What is needed → Would you set down the data that follows, word for word, without any pictures?

Segment Start: Data shown

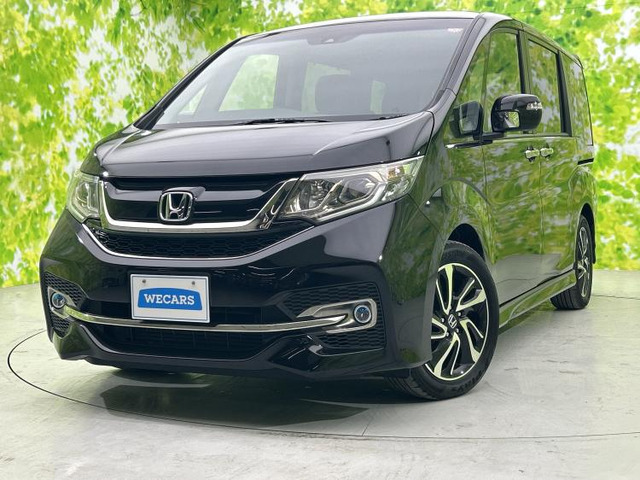 ステップワゴン1.5 スパーダ クールスピリット ホンダ センシング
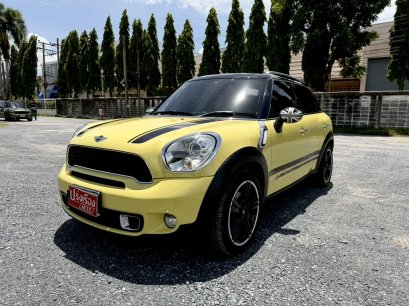 2013 Mini Countryman 2.0 R60 Cooper SD ALL4 4WD เกียร์ออโต้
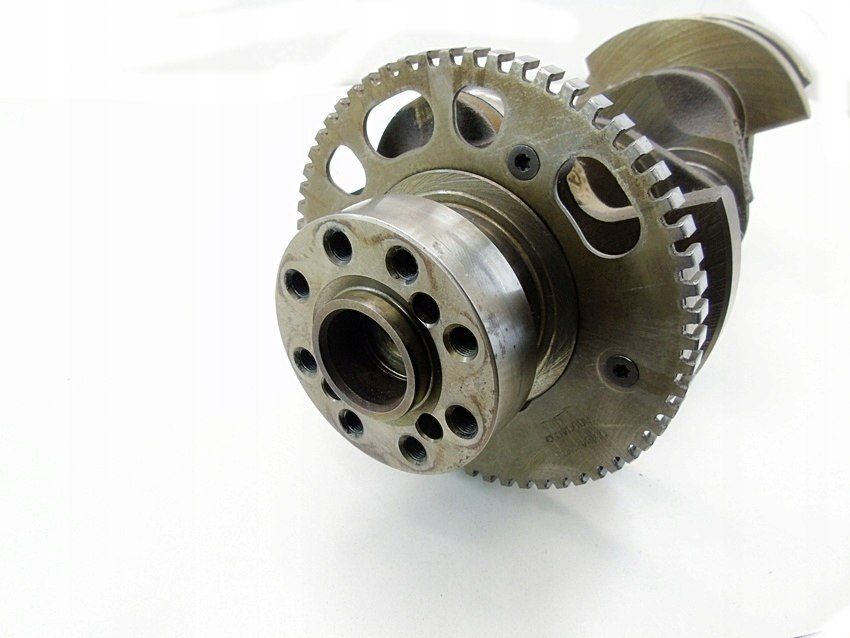 Wał Korbowy 3.6 Voyager Caravan Durango Cherokee Charger Wrangler 300C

Segment End: Data shown

Written answer →
 ステップワゴン1.5 スパーダ クールスピリット ホンダ センシング
 2013 Mini Countryman 2.0 R60 Cooper SD ALL4 4WD เกียร์ออโต้
 Wał Korbowy 3.6 Voyager Caravan Durango Cherokee Charger Wrangler 300C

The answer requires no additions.